Operating System: Both Debian GNU/Linux and Gentoo Linux Latest working: Any kernel compiled for i386 (x86) works fine yet 2.6.25/2.6.26 fail miserably when x86_64 More information over at -- http://bugs.gentoo.org/show_bug.cgi?id=232857 Board is an Intel D945GCLF with Atom 230, 1 x 2GB DIMM of DDR2, 2 x 100GB SATA. Will attach kernel configurations for working 2.6.26 kernel (x86) and the configuration for our amd64 kernel which fails to acquire DHCP lease, plus output from the boot sequence of the box on both kernels. Our environment is pretty simple. Network boot a box via PXE and send kernel via TFTP then mount "rescue environment" (simple nfsroot) as root filesystem. From there we do recovery stuff and operating system installations. Happy to take any suggestions or patches and test them out.
Created attachment 16967 [details] kernel configuration, 2.6.26 (x86_64)

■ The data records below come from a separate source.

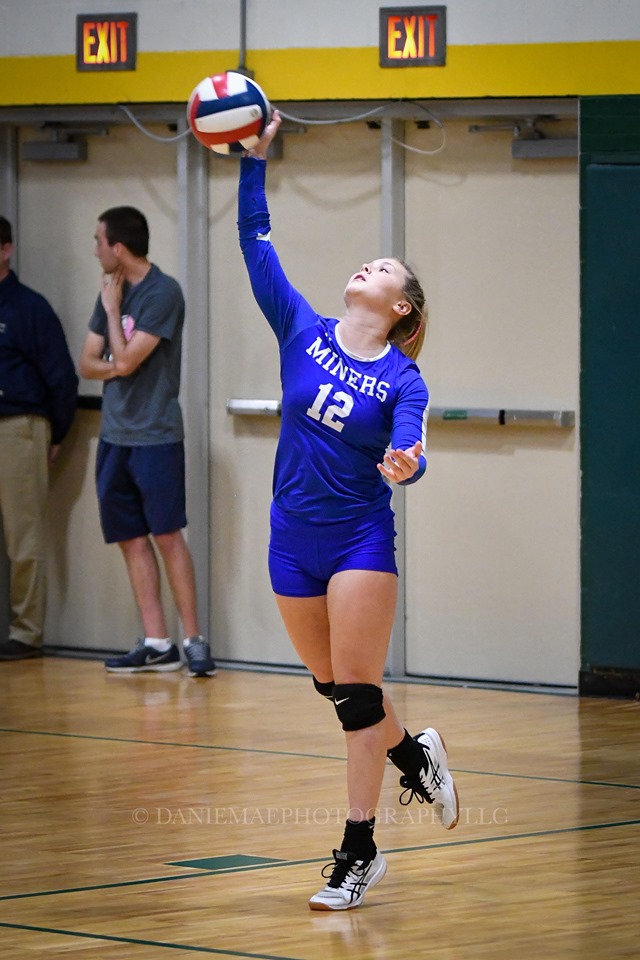 HIGH SCHOOL VOLLEYBALL Minersville Nativity BVM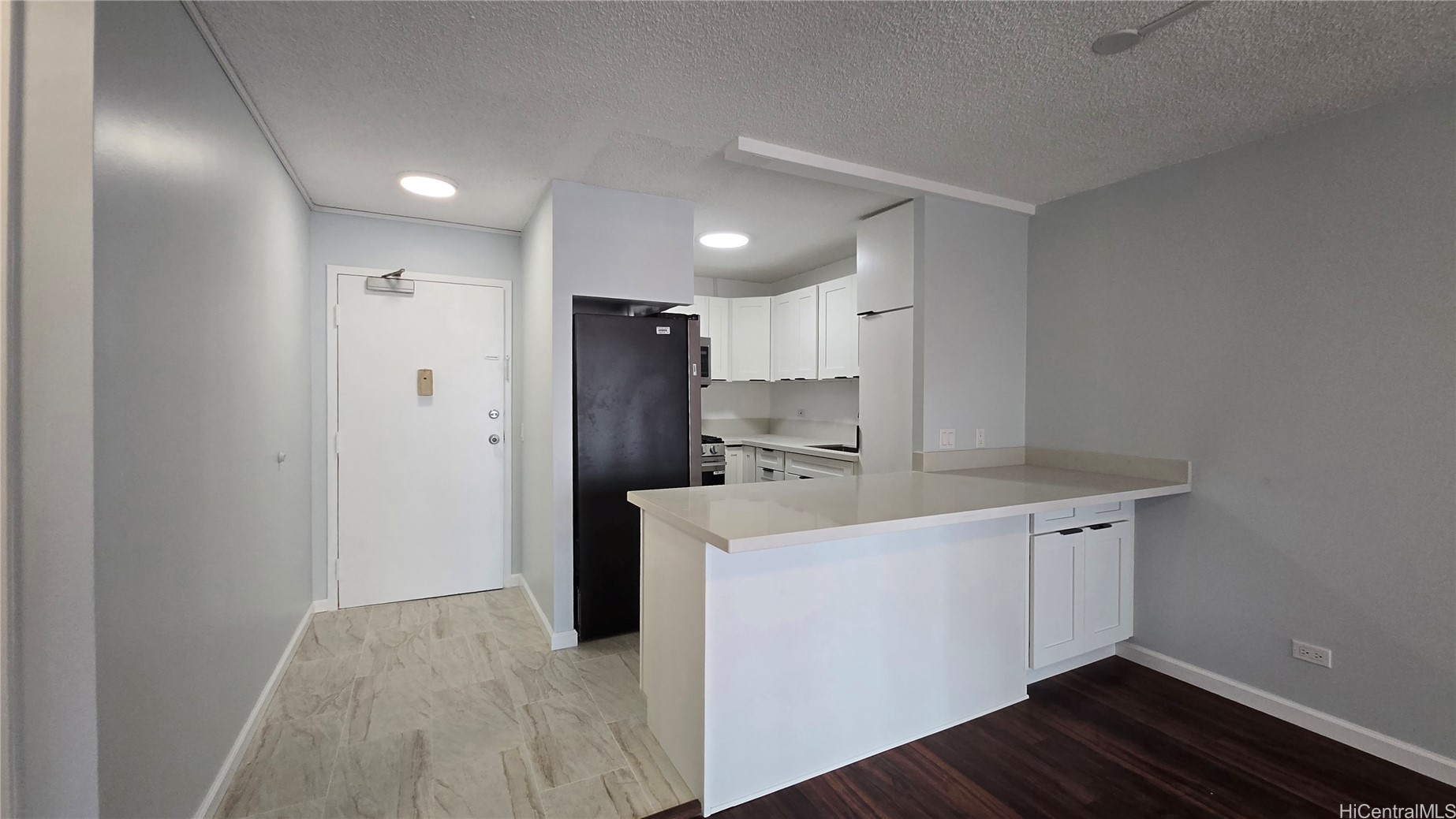 2465 Kuhio Avenue 706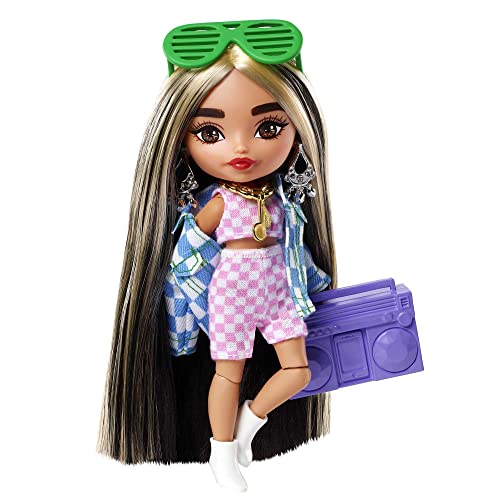 バービー バービー人形 Barbie Extra Minis Doll #2 (5.5 in) Wearing Checkered 2-Piece Fashion & Jacket, with Doll Stand & Accessories Including Shutter Sunglasses and Boombox, Gift for Kids 3 Years Old & Up?バービー バービー人形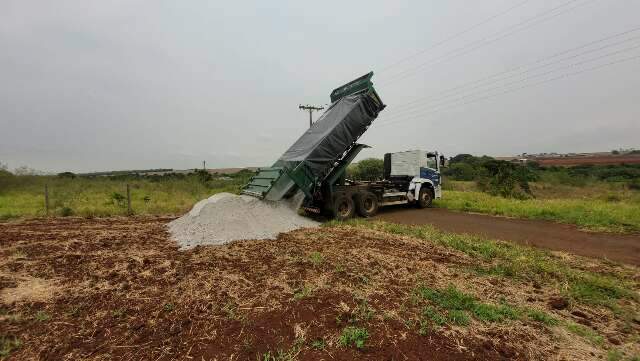 Em seis meses, prefeitura garante 150 toneladas de calc&aacute;rio para produtores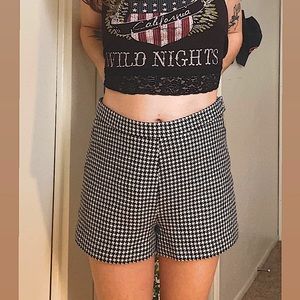 Retro B&W Shorts by Trafaluc (ZARA) - size S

Created attachment 16968 [details] boot output, 2.6.26 (x86_64)
Created attachment 16969 [details] kernel configuration, 2.6.26 (x86)
Created attachment 16970 [details] boot output, 2.6.26 (x86_64)
Created attachment 16971 [details] hardware configuration taken from `lshw` on a working 32-bit installation of Debian Etch
2.6.26-git contains some 810{1/2} related changes. Can you give its r8169 driver a try ? -- Ueimor
Created attachment 16984 [details] boot output, 2.6.26-git (x86_64) To confirm I've pulled the latest with: git clone git://git.kernel.org/pub/scm/linux/kernel/git/torvalds/linux-2.6.git linux-2.6 It appears to get past the r8169 issue and *does* grab a DHCP lease which is significant progress but then we get a nasty trace involving SMP. Log attached. I'm going to try taking 2.6.26-release and merging your r8169 patches only rather than using the whole linux-2.6.git and see if that works?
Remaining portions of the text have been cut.